Los Angeles joins federal immigration case against Trump administration
Los Angeles and seven nearby cities will join a federal class-action lawsuit against the Trump administration that alleges the federal government is using illegal tactics while conducting sweeping immigration raids across the county.
The case, filed last week last week by immigration and civil rights organizations in the U.S. District Court for the Central District of California, asks the court to prevent the federal government from using “unlawful tactics to achieve its intended arrest numbers” in Los Angeles, including racial profiling and excessive use of force.
“I don’t want to say it’s my pleasure to be here with you, because it’s not,” Los Angeles Mayor Karen Bass said at a Tuesday news conference with City Attorney Hydee Feldstein-Soto and several mayors from around Los Angeles County.
Feldstein-Soto said that June 6 — when federal officers began ramped-up enforcement in the region, sparking protests — marked the beginning of a “completely frightening and new reality” for Angelenos.
“We are concerned about how they are carrying out immigration enforcement. We are not interfering with immigration enforcement,” she said.
The city’s move comes a day after heavily armed federal forces descended on the city’s MacArthur Park, raising the tensions between California officials and the Trump administration.
“I got alerted that there was an ICE operation, military intervention — who knows — at MacArthur Park. I turned around. We went to the park,” Bass said on Monday. “I could see a helicopter in the air. I think it was a Black Hawk helicopter. And I saw military tanks.”
The mayor’s office said it is not aware of any arrests made at Monday’s showing. A senior DHS official declined to comment on “ongoing enforcement operations.”
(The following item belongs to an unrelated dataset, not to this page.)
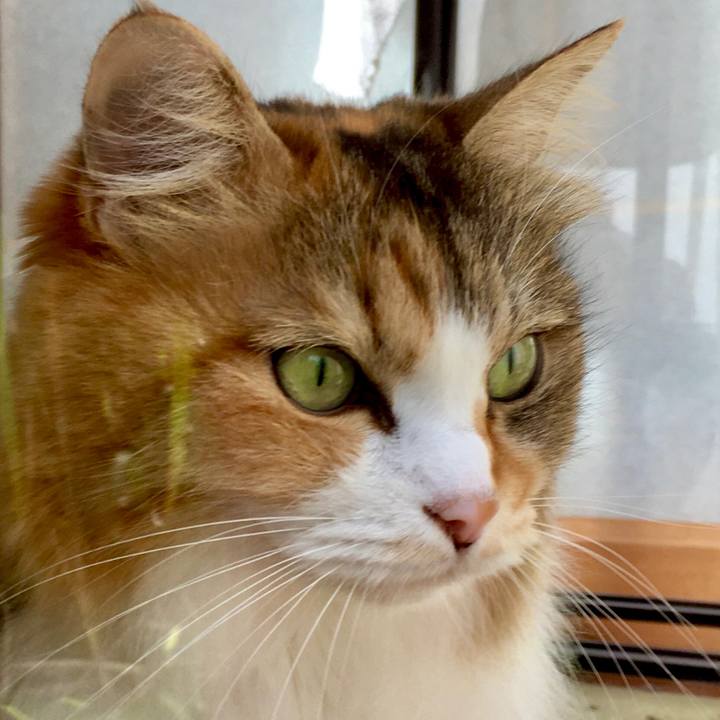 239be44c e14d 4b12 8bab 14cdc7dbe766 1571296056562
Attorney General Rob Bonta, along with 17 other states, filed an amicus brief in the lawsuit Monday, asking a court to block federal agents from using what they say are unconstitutional and unlawful stops during immigration sweeps, sometimes detaining legal residents.
“The actions of ICE and CBP during the raids in Los Angeles are part of a cruel and familiar pattern of attacks on our immigrant communities by an administration that thrives on fear and division,” Bonta said in a statement. Bass has for weeks been calling on Trump to pull federal agents, National Guard and Marines from Los Angeles, saying their presence has stoked widespread fear and outrage in the city.
Jeannette Zanipatin, director of policy and advocacy at the Coalition for Humane Immigrant Rights of Los Angeles, estimated on Monday that more than 2,300 Angelenos have been “uprooted from their homes and communities.”
Previous efforts to challenge the Trump administration over the federal presence in Los Angeles have not been successful. In June, a federal appeals courtblocked Gov. Gavin Newsom’s effort to reclaim control of 4,000 National Guard troops after they were deployed by Trump.